If all the bad things in the world can be used to argue AGAINST the existence of God, then all the good things in the world can be used to argue FOR the existence of God. Furthermore, if one thinks life is worth living, then one must believe that there are more good things in the world than bad things - in which case, there is more evidence for the existence of God than the non-existence of God.
Moreover, you clearly grasp the point I was trying to make:
If God made all the good things, and if he is omnipotent, then he would also be capable of making bad things.
Exactly. So a claim for only good or only bad things for an omnipotent God – whatever that means precisely - is likely to be illogical, unbalanced and unfair.
I often hear atheists citing the bad things in the world as evidence against the existence of God, but they conveniently ignore the flip side of their logic.It is not their logic! Atheists are not making a claim for an omnipotent God! They may, however, be pointing out one of the consequences of such a claim.
If you are incapable of imagining why God might make ‘bad things’, then that is your problem, since you are unable to explain what seems to be an inherent contradiction. If God is omnipotent and if God made everything – big ‘ifs’, considering that you yourself accept that it might be a fantasy - then why do you only want to talk about what you consider to be ‘good things’? Why do you then consider it to be “decidedly illogical, unbalanced and, dare I say, unfair” that somebody might want to point out that the world does not consist entirely of ‘good things’?

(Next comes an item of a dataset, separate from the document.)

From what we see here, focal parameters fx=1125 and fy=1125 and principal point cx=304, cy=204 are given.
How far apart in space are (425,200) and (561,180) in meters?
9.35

Incidentally, I find the ‘good things’/’bad things’ argument almost childishly simplistic in itself, but I am going along with it to avoid unnecessary expansion and deviation.
According to my religion, "God is love", so the thought of a loving God making bad things doesn't make any sense. My religion also teaches that bad things are not of God's making, but are a result of the Original Sin of Adam and Eve.What you believe and what you can argue in a philosophy forum are two different things. I asked you long ago if you considered it your moral duty to do as you are told – or what you are ‘taught’ - and you never answered me. It is a significant question because, if all that concerns you is that you do what you are told or 'taught', then why does logic, balance and fairness even matter to you? If you are unable to discern the mind of God, then who are you to question 'Him'?

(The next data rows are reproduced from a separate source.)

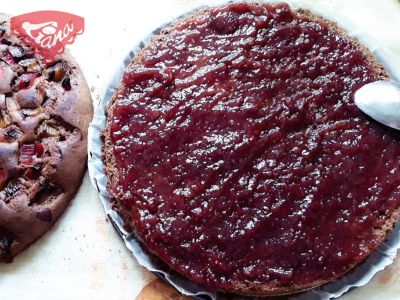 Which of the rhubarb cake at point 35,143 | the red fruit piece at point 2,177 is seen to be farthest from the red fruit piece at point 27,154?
the red fruit piece at point 2,177

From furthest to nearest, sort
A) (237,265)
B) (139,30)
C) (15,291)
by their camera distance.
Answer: (139,30)
(15,291)
(237,265)

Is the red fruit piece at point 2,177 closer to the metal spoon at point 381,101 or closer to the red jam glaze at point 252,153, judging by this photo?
the red jam glaze at point 252,153

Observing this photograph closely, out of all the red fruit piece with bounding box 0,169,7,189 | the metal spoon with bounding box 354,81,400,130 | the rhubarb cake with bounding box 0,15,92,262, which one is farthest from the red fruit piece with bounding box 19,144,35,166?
the metal spoon with bounding box 354,81,400,130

I also asked you, specifically, in my last post, “If you are asserting a lack of logic, then where do you think that arises? In the claim that ‘God is good’ or in an atheist questioning of this claim?” You now transpose ‘God is good’ for ‘God is love’, whilst continuing to have problems with ‘bad things’. Yet, astonishingly, you have tried to criticise atheists for the exact lack of logic, balance and ‘fairness’ which your position illustrates.
By the way, I am not particularly interested in what your religion teaches you. What does interest me is what you actually believe and, if you want me to understand that position, how you can provide reasons for that belief. Or, if you are criticising others, then how that criticism can be justified.